Citizens who oppose same-sex marriage will never view one as a legitimate marriage. Just as they continue to view abortion as murder.  Federal law allowing such actions do not change the attitude of people whose moral code is based on the 10 commandments and 2000 years of biblical understanding. 

Justices Kennedy, Ginsburg, Breyer, Sotomayor and Kagan have invented a new right and assert that liberty can be found through an entitlement of governmental benefits. These justices then support that liberty and dignity do not come from a superior power, but flow from government.  This is the path to governmental tyranny when the government believes it is the source of Citizens rights. 

What makes these five people more “enlightened” than the millions that have voted in States referendums to determine the future course of social order?  Justices Roberts, Scalia, Thomas and Alito in their dissent acknowledge that social transformation without representation has occurred.

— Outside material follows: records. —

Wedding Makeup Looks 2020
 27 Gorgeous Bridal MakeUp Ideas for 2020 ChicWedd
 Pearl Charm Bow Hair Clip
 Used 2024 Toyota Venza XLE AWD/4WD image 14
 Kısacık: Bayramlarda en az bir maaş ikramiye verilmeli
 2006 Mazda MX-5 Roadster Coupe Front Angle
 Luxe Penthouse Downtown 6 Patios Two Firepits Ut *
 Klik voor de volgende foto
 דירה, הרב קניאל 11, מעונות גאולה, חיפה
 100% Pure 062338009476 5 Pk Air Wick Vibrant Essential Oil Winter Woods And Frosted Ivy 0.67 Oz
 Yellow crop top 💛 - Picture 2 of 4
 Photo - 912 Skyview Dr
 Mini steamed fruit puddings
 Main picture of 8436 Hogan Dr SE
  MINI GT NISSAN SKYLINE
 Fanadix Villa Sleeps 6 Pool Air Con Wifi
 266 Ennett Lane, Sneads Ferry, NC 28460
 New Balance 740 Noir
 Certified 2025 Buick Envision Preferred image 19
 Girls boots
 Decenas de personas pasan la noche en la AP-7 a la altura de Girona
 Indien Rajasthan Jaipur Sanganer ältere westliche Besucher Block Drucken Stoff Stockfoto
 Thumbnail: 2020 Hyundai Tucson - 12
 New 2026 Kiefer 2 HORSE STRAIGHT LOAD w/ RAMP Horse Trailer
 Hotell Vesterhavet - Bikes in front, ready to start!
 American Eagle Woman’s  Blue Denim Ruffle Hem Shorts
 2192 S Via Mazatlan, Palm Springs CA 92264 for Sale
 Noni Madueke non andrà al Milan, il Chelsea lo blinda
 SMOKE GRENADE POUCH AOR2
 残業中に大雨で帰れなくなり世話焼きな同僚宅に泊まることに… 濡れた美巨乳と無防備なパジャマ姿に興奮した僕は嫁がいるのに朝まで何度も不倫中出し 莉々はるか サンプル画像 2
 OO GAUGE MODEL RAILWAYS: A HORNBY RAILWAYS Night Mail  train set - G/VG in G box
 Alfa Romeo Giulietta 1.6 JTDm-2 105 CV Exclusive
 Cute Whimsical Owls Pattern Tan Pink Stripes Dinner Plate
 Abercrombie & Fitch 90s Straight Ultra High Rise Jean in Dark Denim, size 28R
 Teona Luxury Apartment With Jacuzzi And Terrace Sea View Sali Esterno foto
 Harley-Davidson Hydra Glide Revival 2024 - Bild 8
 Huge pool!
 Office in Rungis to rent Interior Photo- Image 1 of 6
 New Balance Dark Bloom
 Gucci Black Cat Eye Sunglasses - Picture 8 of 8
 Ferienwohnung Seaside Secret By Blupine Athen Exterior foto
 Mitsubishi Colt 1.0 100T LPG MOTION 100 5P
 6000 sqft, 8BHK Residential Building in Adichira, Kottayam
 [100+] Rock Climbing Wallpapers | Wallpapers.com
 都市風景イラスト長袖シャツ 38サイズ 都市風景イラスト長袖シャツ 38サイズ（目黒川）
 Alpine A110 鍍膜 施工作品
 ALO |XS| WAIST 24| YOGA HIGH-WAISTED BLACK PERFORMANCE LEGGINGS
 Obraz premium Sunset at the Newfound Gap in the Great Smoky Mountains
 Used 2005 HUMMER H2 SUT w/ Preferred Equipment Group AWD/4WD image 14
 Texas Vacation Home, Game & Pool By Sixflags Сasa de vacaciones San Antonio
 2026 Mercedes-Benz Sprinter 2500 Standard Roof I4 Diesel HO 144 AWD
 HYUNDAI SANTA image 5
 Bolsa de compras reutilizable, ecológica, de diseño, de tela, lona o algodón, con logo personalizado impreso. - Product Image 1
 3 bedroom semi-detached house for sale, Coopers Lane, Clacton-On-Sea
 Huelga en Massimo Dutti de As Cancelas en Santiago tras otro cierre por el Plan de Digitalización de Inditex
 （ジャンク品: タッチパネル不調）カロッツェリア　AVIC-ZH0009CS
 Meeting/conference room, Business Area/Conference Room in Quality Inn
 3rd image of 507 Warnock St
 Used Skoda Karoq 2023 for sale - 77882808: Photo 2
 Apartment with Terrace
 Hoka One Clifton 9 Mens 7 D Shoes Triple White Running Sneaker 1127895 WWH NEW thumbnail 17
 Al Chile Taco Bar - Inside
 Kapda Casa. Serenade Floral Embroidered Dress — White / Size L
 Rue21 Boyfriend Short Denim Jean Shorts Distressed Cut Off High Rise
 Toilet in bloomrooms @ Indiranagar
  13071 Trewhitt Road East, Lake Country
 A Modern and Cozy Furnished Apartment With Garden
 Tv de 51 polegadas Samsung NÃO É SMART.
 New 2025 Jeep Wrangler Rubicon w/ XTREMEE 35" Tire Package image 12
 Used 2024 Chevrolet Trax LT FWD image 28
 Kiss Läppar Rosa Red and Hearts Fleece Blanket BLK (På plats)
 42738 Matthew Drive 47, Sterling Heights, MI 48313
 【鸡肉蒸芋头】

Justice Roberts seems to be most concerned with maintaining a status quo.  He wrote in the majority for maintaining shoddy legislation that was already in effect (ACA) and voting in the minority when major social change (gay marriage) was being decided.   These two opinions in their details are incongruous.

The ideal of an independent Supreme Court is necessary in our triad representative republic.  But independence should not shield Justices who can no longer decide legal questions and are more concerned with legislating social order.  Judicial impeachment is rarely performed.  It requires the cooperative action of the House and Senate.  Offenses for bad behavior may be pursued but it will be more difficult to garner the necessary majorities because their decisions are suspect or dis-agreeable.

A more obtainable solution to keep Justices focused on their duty may to be enact a constitutional amendment providing for judicial review and retention voting by the Citizens.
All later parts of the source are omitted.